The original bedroom had been divided in two, adding a wall and knocking into the attic space above to provide a skylight in what was now the “master”: a room that fit a double bed, a small, single-width dresser and not much else. If I wanted to dress – or undress – in comfort, I did so in the other bedroom, which I quickly turned into my walk-in wardrobe.
In removing the attic space, though, he’d also taken out the hot water tank – who needs one of those, I imagined him scoffing, tossing it into the back of his car and bringing it to the nearest dump – and decided to just… do without.
As someone who’s never renovated a house, I can only guess at his thinking –although, really, he’s never renovated a house, either.
The shower, thankfully, was electric, but I had to boil the kettle to wash up; when I washed my hands, it was in an icy cold stream, water that grew ever more frigid as the weeks wore on. By October, I was trying to dirty my hands as infrequently as possible; rinsing grease or potato crud off felt like a Wim Hof style endurance test, except with less of a sense of superiority.
I adopted two kittens from the local animal shelter, because I had the space and worked, mostly, from home, so had the time to dedicate to them. But mostly, I wanted the company. I named them Calvin and Dexter, after the DJ and the TV murderer, respectively, and spent long nights cuddling them in front of the television, one asleep on my lap and the other on my shoulder.
They were house cats, in the sense that they ate and slept indoors, but I let them out, too; I had been raised in the country and firmly believed cats belonged outside. I would come home, after a few hours in town, and find them lazing on the path outside my front door; once, a neighbour admonished me for leaving them alone.
“They were starving!” she said. “Crying for their mammy!”
Another day, another neighbour – right next door this time – knocked on my door to let me know she’d found Dexter on her couch.
On a chilly winter afternoon, they both came barreling in the back door at high speed with a sky-blue budgie, dead as a doornail, in tow. I shut the door immediately behind them, praying I wouldn’t be forced to ignore a series of heartbroken “missing budgie” posters in the weeks to come. (Either there were no such posters or, so determined was I to ignore them that I didn’t see any.)
That year, there was a snowstorm that stopped the buses and cancelled the trains and had drivers stuck in their cars on the motorways for hours. We heard tales of babies being born in Nissan Micras and people abandoning their vehicles to walk miles in the snow, afraid they’d be stuck overnight, running out of petrol and freezing to death in their back seats.

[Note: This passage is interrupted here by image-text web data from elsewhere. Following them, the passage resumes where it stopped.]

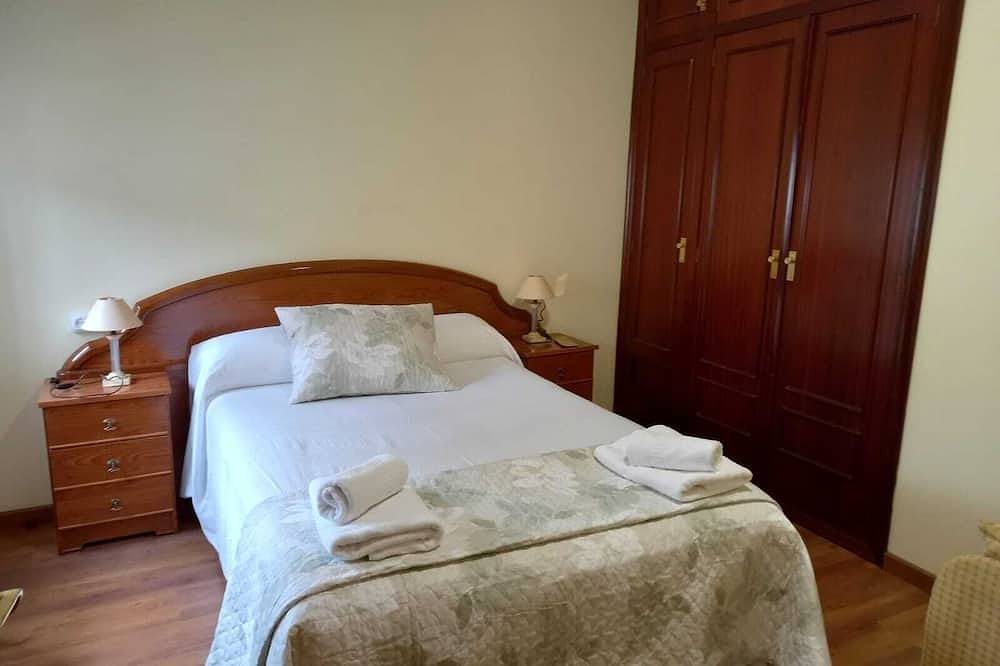 Entire apartment, Apartamento El Llerau in Cangas de Onís, Asturias Province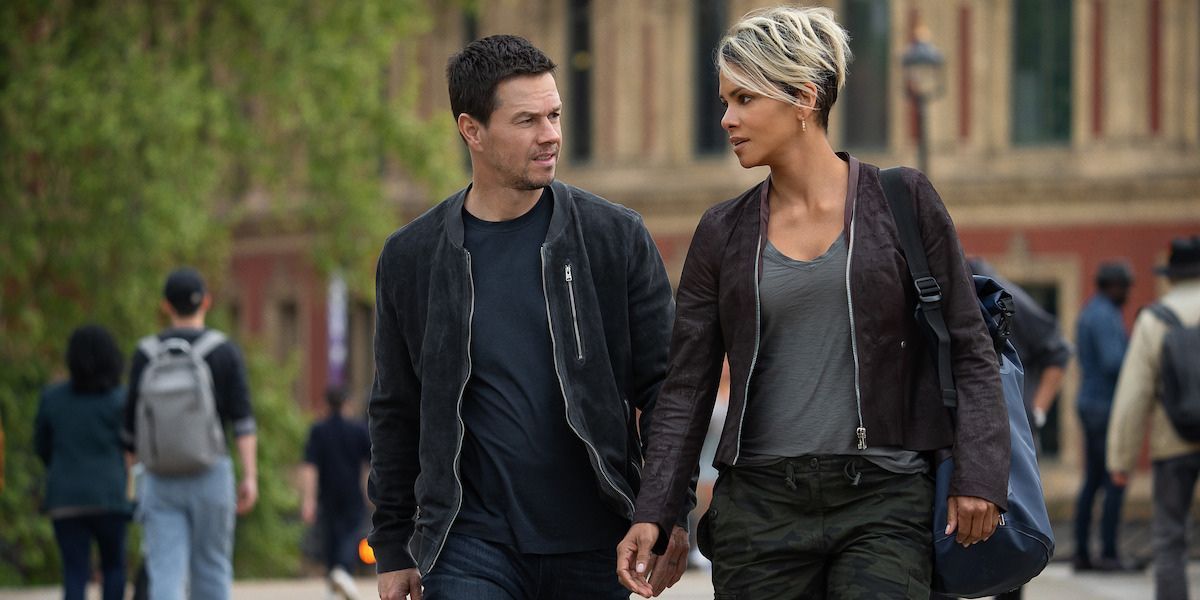 Mark Wahlberg and Halle Berry in &quot;The Union&quot;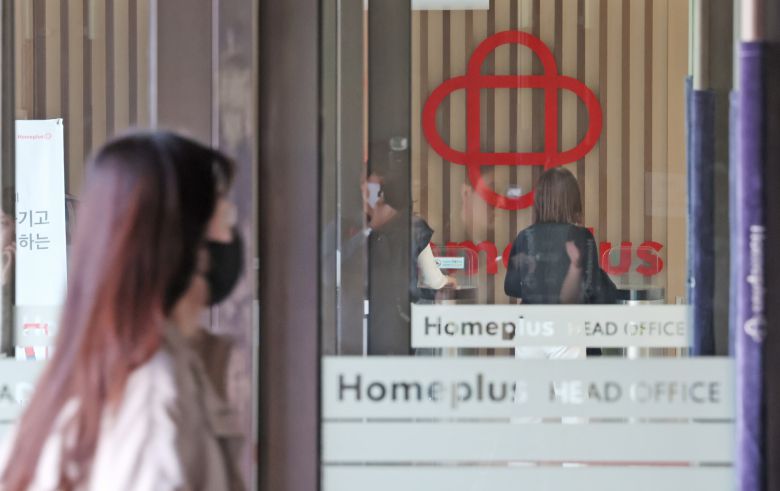 서울 강서구 홈플러스 본사에서 직원들이 출입구를 드나들고 있다. /뉴스1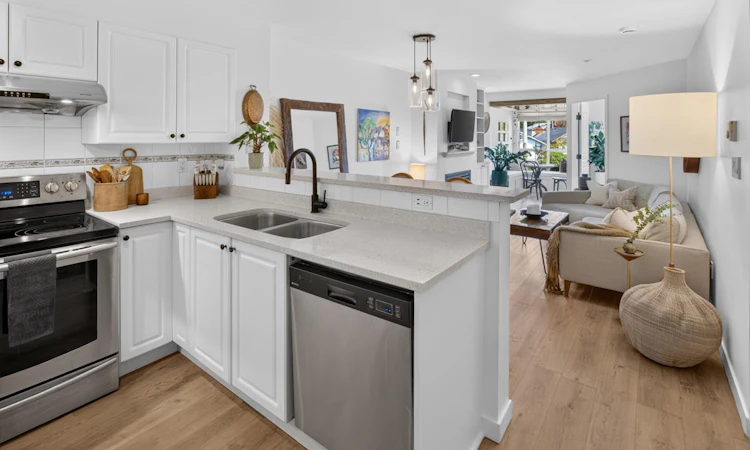 309-760 Kingsway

My mum came to stay with me for a week; she was working in town then and, with no trains running, it made more sense for her to commute from my house than to try to make the twice-a-day journey to and from Kildare.

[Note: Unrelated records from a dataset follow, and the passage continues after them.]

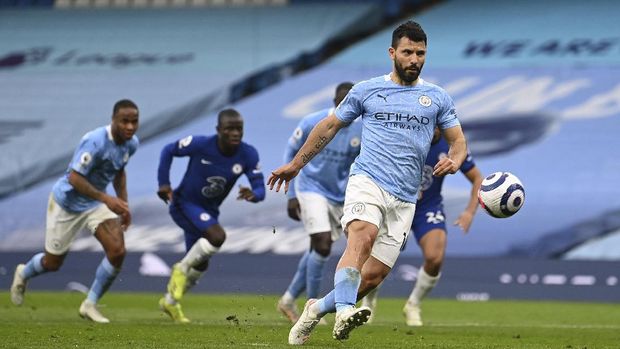 Manchester City's Sergio Aguero shoots a penalty kick during the English Premier League soccer match between Manchester City and Chelsea at the Etihad Stadium in Manchester, Saturday, May 8, 2021.(Shaun Botterill /Pool via AP)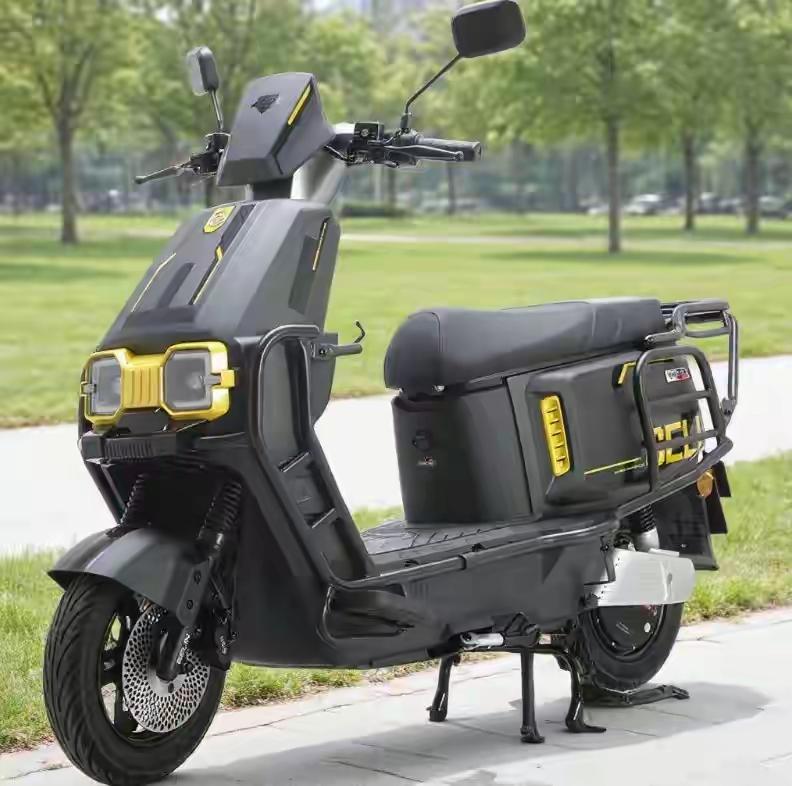 刚买仨月的电动车，说能跑一百公里，结果我推着走了最后两公里。这种事你干过没？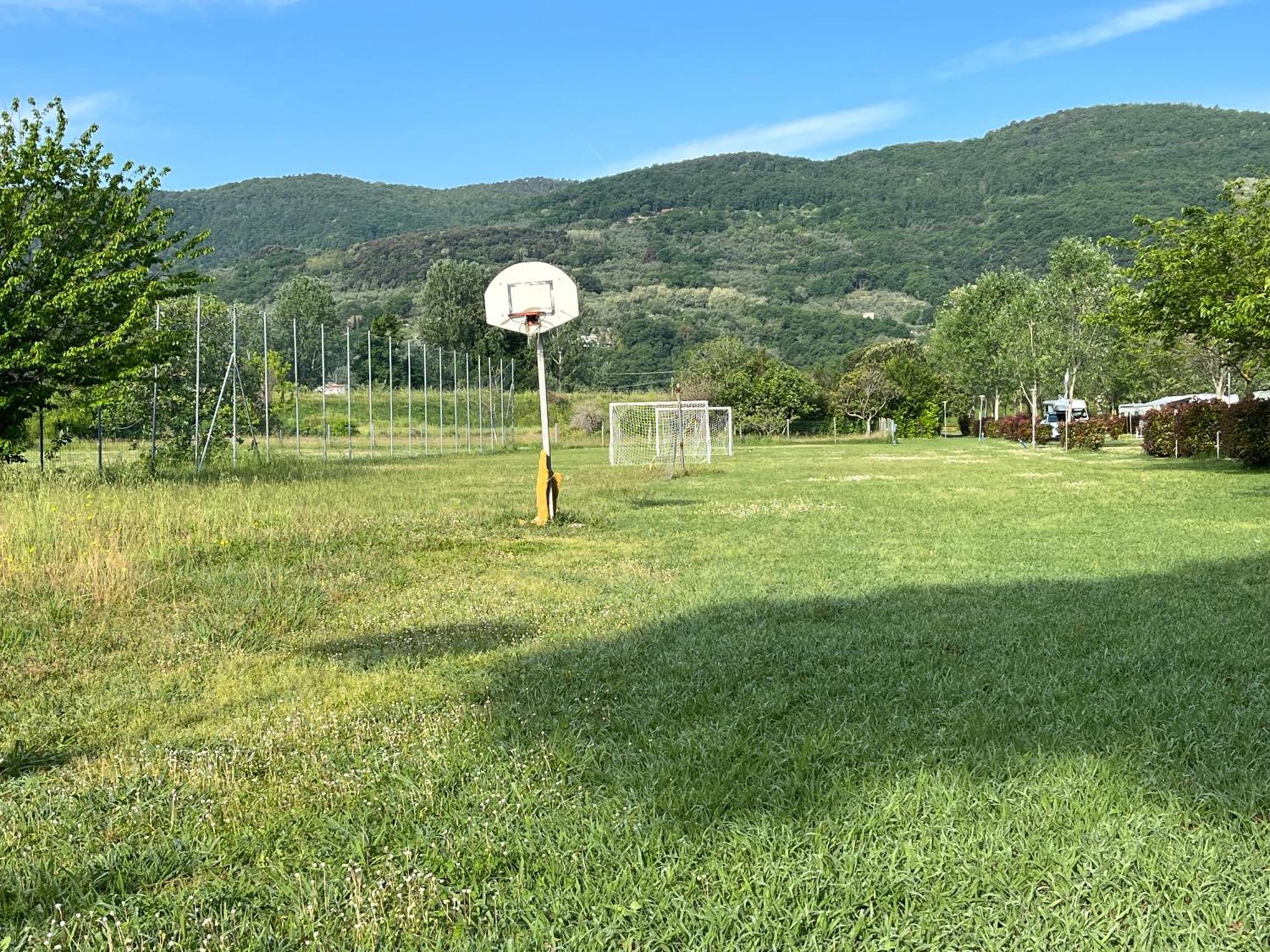 Chalet Camping River Italie Met 2 Slaapkamers อาเมเกลีย ภายนอก รูปภาพ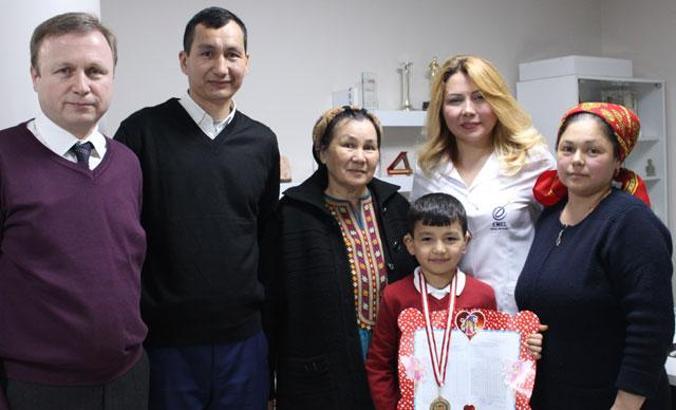 7 yaşındaki Türkmen çocuk ilk kez Türkiye'de duydu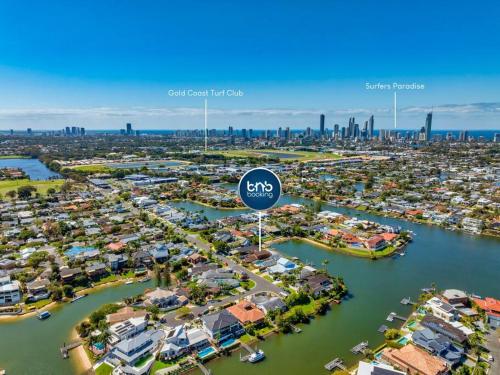 Spacious Family Oasis 5bd Waterfront Pool in Benowa Spacious Family Oasis 5bd Waterfront Pool in Benowa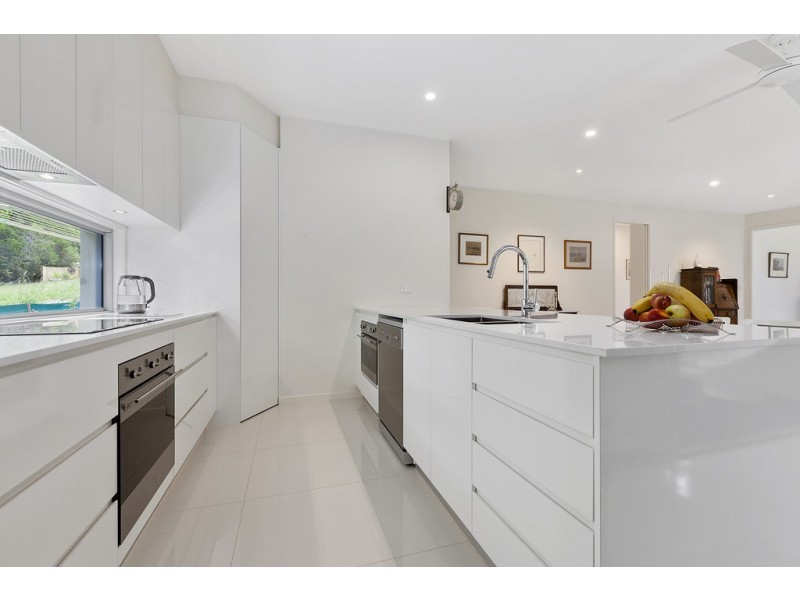 12 Whistler Way, Pomona QLD 4568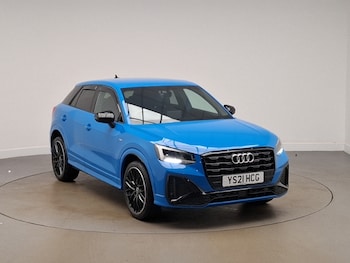 Audi - Q2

We slept in my double bed and watched the 9 o’clock news every night and, though she complained about their enthusiasm, I would come home from work to find her sitting on the couch, covered in kittens.
She was still there when the snow started to thaw; though the temperature had risen and piles of snow, shovelled by hand either side of people’s driveways, had turned to brown slush, public transport wouldn’t pick back up for another few days.
So it was she who walked into the kitchen one evening and found icy water dripping, straight down, through its flat roof. It had been built as an extension on to the original house and, I was not shocked to note, shoddily so. As a result, when the snow started to melt, the sheer volume and weight of it had meant that it couldn’t slide off the roof quickly enough, instead melting straight down, into my kitchen.
I loved that little house, and my life in it, but this was the last straw. Having seen how long it took my landlord to rectify the hot water issue – he had, four months in, eventually put some kind of heater beneath the kitchen sink, so that the kitchen tap would produce hot (ish) water, not quite hot enough to get grease off a pan but better, I was resigned to think, than nothing – I couldn’t see this costly roof issue being rectified with any great haste.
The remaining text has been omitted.